From the first line of the listing below through the line with "Godewind: Made In", transcribe exactly and skip the pictures.
Input data below:
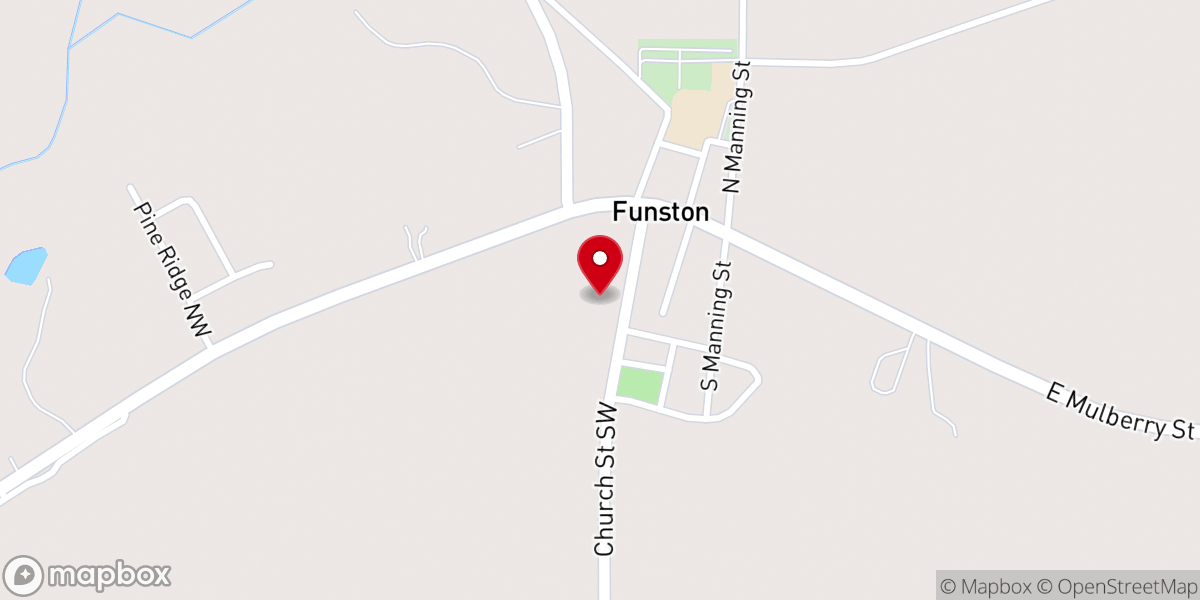 Map showing location of Pleasant Hill Missionary Baptist Church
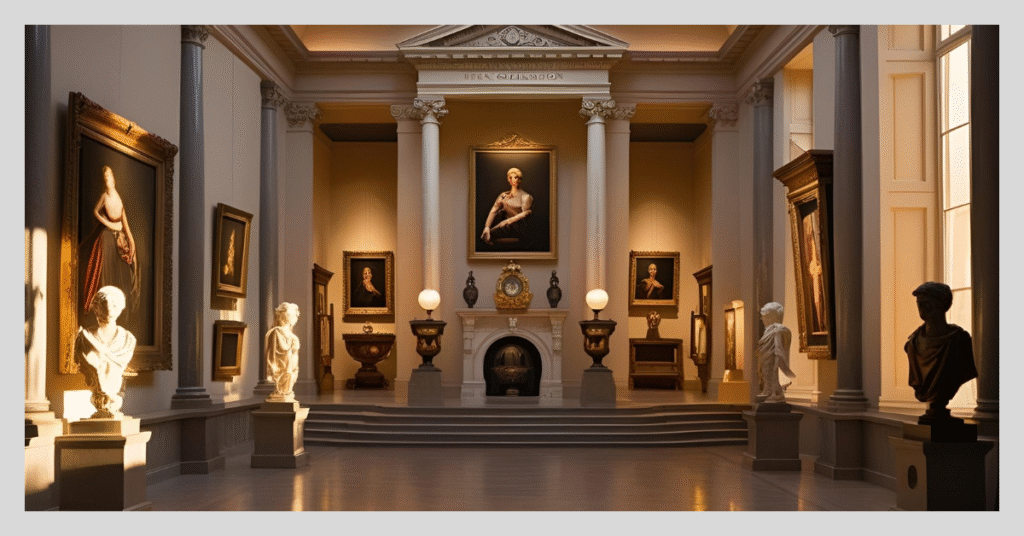 The National Gallery of Australia, a stunning mansion showcasing a diverse collection of art for enthusiasts.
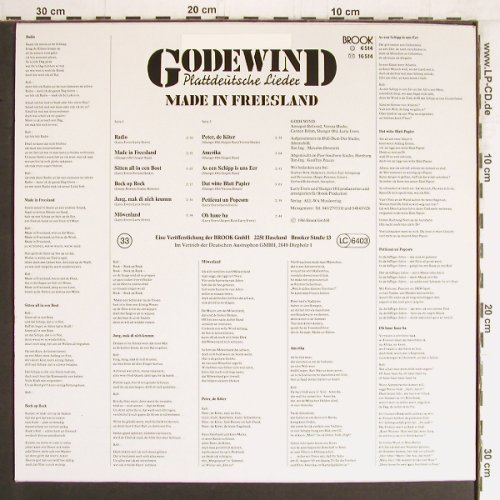Godewind: Made In Freesland, Brook(6 514), D, 1986 - LP - Y3231 - 7,50 Euro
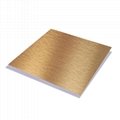 201 304 Titanium Gold Hairline Colored  Stainless Steel Sheet 4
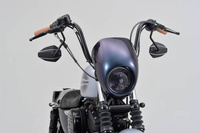 D-MIRROR-7 TYPE-K/ROD RIGHT, ALU.BLACK 1PC E-MARKED, 3 ADAPTERS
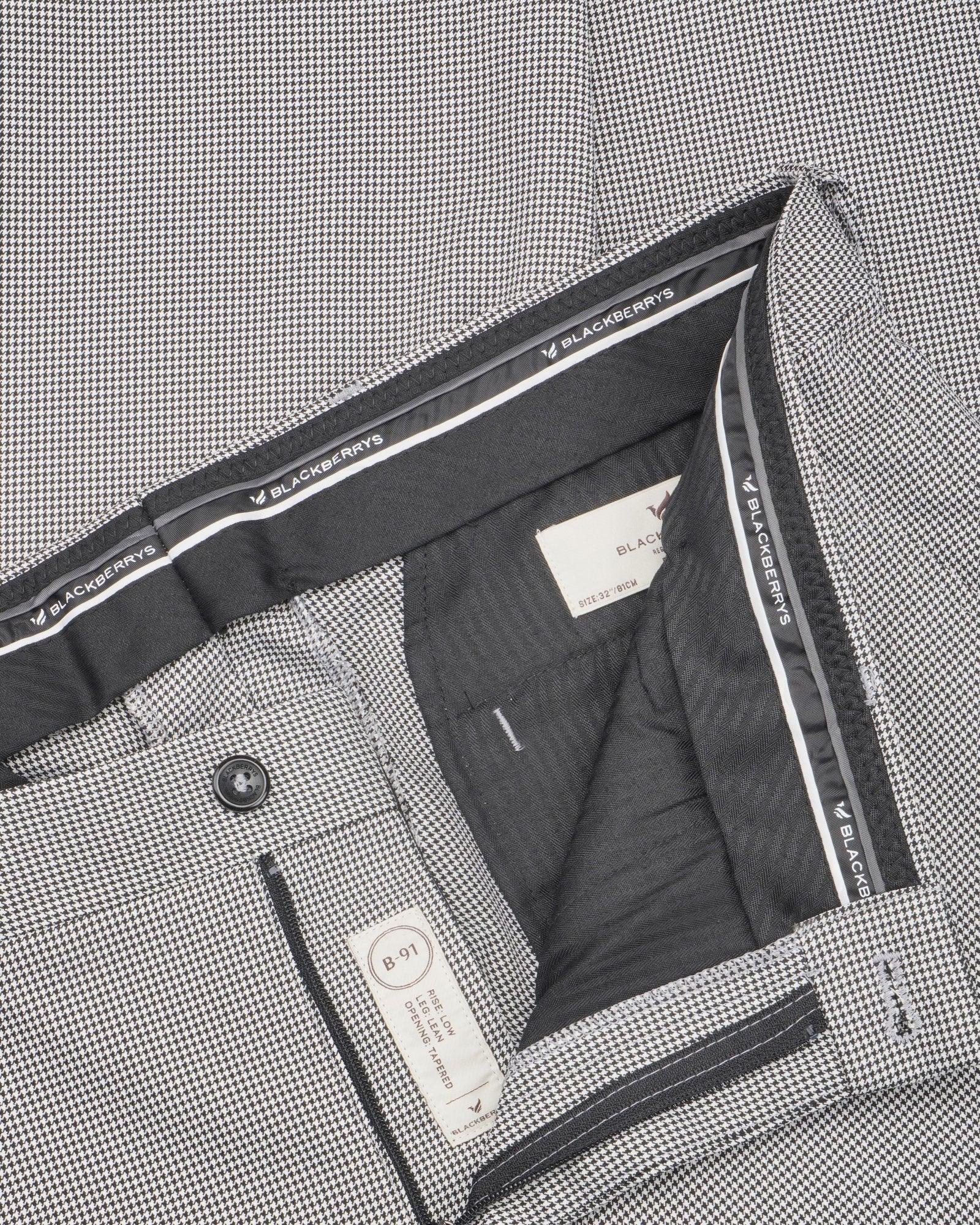 Kandal Formal Knitted Trouser In Light Grey (B91 Fit) - blackberrys-clothing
End of Input data.
Solution.
 Map showing location of Pleasant Hill Missionary Baptist Church
 The National Gallery of Australia, a stunning mansion showcasing a diverse collection of art for enthusiasts.
Godewind: Made In Freesland, Brook(6 514), D, 1986 - LP - Y3231 - 7,50 Euro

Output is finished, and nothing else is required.